# MA's - Tell Me Your Favorite Brushes



## missytakespics (Feb 19, 2006)

name the brushes you absolutely could not live without, use everyday and what you use them for.  i just got my pro card and i want to get some new brushes, but before i do i want opinions on what's best and what different uses each brush has.


----------



## MACgirl (Feb 19, 2006)

the 222, 224 and 217 for blending. The 190 is a must have for foundations, and the 150 (which i havent bought) is so good for blush all over the cheek. The 187 is the realmust have brush becuase its a versatile brush, you can use foundations, powders, msf's...i need to get another one!


----------



## giz2000 (Feb 20, 2006)

The 211 fine pencil liner = LUV!

It's a stiff bristled brush that can be used as an eyeliner, lip brush, etc.  I absolutely love this brush!


----------



## MissLorsie (Feb 22, 2006)

how do u get a pro card??

In australia you cant get a pro card/membership card (which u have to pay 60 dollars for each year and then i think u get 30% off) unless you show evidence of a proper industry certified diploma, show ur business activity and show evidence of editorial work..
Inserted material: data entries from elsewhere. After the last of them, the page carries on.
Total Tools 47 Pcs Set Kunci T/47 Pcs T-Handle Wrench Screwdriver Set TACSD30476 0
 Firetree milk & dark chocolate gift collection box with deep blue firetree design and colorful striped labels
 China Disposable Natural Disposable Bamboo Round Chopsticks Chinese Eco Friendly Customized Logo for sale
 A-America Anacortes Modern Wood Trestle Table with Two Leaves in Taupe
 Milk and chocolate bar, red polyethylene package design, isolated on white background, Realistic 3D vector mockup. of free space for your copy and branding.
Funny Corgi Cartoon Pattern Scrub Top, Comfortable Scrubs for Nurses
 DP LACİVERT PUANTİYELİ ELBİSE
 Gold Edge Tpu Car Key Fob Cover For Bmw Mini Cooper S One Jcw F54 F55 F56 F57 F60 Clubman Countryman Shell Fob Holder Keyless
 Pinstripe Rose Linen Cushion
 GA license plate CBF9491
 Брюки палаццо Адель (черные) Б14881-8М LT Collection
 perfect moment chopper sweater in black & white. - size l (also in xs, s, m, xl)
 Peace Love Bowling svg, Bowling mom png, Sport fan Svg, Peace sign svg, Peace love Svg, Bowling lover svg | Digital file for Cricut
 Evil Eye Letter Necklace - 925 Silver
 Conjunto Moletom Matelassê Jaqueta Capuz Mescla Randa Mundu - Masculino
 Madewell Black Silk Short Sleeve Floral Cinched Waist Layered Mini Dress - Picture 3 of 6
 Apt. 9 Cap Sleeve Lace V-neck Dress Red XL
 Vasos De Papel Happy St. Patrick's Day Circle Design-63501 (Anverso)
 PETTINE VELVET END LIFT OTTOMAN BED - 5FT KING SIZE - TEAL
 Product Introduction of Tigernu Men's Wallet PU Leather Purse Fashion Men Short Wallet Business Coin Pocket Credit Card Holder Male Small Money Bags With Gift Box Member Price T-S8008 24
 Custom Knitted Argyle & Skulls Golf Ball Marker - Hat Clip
is that hard overseas in the states to get ur pro card..


----------



## missytakespics (Feb 22, 2006)

Quote:

   Originally Posted by *MissShiva* 
_how do u get a pro card??

In australia you cant get a pro card/membership card (which u have to pay 60 dollars for each year and then i think u get 30% off) unless you show evidence of a proper industry certified diploma, show ur business activity and show evidence of editorial work..

is that hard overseas in the states to get ur pro card.._

 
its about the same procedure over here.
i do makeup in the salon i manage occassionally, so i sent in a business card and a letter from my boss. its 35 USD a year to have the card and as a ma i get 40% off. i think all other professions (hair, photo, performers, etc..) get 30% off.


----------